Could it be more dramatic: videos of Iranian street clashes uploaded to YouTube; chilling first-hand accounts posted to Facebook; mass Iranian demonstrations internationally tracked with the help of Twitter; and a state-mandated news blackout-blown away by all three. Regardless of who you believe in the Iranian conflict, you better believe that social media technologies have established themselves as powerful tools for educating, advocating and organizing the masses.

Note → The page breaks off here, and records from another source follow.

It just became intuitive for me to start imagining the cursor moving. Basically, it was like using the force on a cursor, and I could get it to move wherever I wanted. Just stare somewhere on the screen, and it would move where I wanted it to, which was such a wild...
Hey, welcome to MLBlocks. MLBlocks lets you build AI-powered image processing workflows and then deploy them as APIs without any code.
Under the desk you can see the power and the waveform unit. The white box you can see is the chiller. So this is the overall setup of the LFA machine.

Over the last year and half, even with the explosion of social media, some critics insist that applications like Facebook and Twitter are flashes in the pan-limited in use-and about as substantive to advocacy as Paris Hilton is to the U.N. Well I don’t know what crow tastes like, but you can rest assured the critics of social media do and, as hundreds of thousands of Iranians just proved, that limited view of what is or isn’t substantive media, just flew out the window.

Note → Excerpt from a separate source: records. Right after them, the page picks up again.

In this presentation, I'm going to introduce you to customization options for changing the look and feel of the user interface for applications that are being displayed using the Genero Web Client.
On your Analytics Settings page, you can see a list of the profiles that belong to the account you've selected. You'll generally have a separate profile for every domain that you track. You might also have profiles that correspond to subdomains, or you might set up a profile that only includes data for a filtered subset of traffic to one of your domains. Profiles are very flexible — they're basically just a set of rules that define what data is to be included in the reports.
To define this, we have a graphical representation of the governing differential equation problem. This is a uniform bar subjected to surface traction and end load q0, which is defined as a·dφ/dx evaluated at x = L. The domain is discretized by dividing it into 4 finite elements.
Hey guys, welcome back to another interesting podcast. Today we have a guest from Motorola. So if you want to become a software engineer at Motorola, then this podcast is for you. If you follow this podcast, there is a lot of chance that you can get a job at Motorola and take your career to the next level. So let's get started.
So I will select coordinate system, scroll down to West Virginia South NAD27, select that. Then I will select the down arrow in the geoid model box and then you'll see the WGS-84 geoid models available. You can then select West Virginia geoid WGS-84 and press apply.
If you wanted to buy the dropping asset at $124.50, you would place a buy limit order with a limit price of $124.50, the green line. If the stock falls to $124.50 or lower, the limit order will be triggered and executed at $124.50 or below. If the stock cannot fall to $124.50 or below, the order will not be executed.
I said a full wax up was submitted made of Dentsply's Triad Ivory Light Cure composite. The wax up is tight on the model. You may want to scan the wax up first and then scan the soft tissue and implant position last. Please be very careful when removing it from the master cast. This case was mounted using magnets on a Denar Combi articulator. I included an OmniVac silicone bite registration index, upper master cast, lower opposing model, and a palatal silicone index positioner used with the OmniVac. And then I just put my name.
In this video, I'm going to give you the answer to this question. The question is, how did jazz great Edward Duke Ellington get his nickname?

So, what is different? Well, let’s begin with state-controlled media or even so-called free media in the West. It’s clear that “new media” is not your mothers network broadcast model, and it’s clear that state media no longer has the ability to shape and manipulate the nature of the conversation without challenge.

But, social media has evolved a lot since the days of Radio Free Europe which, in its Soviet era days, served as an alternative news source (and that’s saying a great deal) for those living behind the Iron Curtain. Right now, we’re experiencing a social media groundswell that not only allows the free flow all news and media, but creates a new hierarchy for political participation and social organization under the right circumstances.

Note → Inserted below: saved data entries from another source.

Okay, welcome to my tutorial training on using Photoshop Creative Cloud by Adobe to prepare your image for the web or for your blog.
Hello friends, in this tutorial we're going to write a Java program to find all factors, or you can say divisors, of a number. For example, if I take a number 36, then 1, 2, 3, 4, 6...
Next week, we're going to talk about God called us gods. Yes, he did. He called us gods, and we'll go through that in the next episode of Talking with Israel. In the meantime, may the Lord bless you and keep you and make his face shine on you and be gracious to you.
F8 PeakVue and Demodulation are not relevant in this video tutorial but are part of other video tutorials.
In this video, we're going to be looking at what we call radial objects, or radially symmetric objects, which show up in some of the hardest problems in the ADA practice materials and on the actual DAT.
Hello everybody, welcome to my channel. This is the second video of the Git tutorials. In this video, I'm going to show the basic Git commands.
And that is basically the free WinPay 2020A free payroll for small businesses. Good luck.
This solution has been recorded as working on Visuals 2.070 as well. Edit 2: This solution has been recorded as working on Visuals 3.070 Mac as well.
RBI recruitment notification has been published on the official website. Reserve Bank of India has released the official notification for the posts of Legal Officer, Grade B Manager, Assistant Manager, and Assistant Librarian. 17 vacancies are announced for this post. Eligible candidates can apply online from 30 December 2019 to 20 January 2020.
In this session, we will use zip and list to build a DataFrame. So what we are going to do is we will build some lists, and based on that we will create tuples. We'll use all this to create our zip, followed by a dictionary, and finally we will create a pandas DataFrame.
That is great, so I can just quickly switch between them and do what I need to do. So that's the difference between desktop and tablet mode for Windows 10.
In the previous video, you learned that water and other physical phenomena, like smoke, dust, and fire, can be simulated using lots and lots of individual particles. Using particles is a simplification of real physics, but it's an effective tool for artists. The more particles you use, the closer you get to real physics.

Just look how YouTube, Twitter and Facebook have shown different sides to the Iranian story:

  • Twitterers posted messages with the terms like #IranElection, allowing users to search all tweets on the subject. #IranElection became a top trending topic and Twitter was getting about 30 news posts a minute with that tag, according to The New York Times.
  • The feed “mousavi1388” (named for Ahmadinajad¹s leading opposition candidate Hussein Moussavi) gained more than 29,000 followers (and is still growing) and is filled with protest news, links to photos and encouragement to keep fighting, both in English and Farsi.
  • One Twitterer wrote: “We have no national press coverage in Iran, everyone should help spread Moussavi’s message. One Person = One Broadcaster. In #IranElection”
  • Mousavi himself has used text messages, Facebook, and Twitter to reach out to voters. His Facebook page has attracted more than 110,000 fans (and growing by the minute literally), and his slogan during the election was “Every citizen is the media.”
  • Protestors in Iran used Twitter for battle cries and to spread word about clashes with police and hard-line supporters of President Mahmoud Ahmadinejad.
  • Twitter messages, some with links to pictures, streamed from Iran despite reported efforts by authorities there to block news of protests over Ahmadinejad’s claim of having been fairly re-elected.
  • Pictures of the wounded and dead (who senders claim were Iranian protestors) flooded Twitter and wound up posted on online photo-sharing websites such as Flickr as well as on YouTube.
  • Recently, there were 12,000 videos available on YouTube under the search term, ‘Iranian election.’
  • Jonathan Zittrain, a professor at Harvard Law School who is an expert on the Internet, said that Twitter was especially resilient to censorship because it had so many methods to post- from a phone, a Web browser or specialized applications-and so many outlets for those posts to appear. As each new home for this material becomes a new target for censorship, he said, a repressive system faces a game of whack-a-mole in blocking Internet address after Internet address carrying the subversive material.
  • Ironically, “It is easy for Twitter feeds to be echoed everywhere else in the world,” Mr. Zittrain said. “The qualities that make Twitter seem inane and half-baked are what make it so powerful.”
  • “Iranelection” became the top Twitter trend at one point, and a message thread led by “Persiankiwi” appeared to be orchestrating hacker attacks on official Iran websites while firing off updates on developments in the streets.

Each of the above postings and points demonstrate the power of social media. But, there’s another more fascinating aspect to the application of social media in Iran: the offline coordination of activities.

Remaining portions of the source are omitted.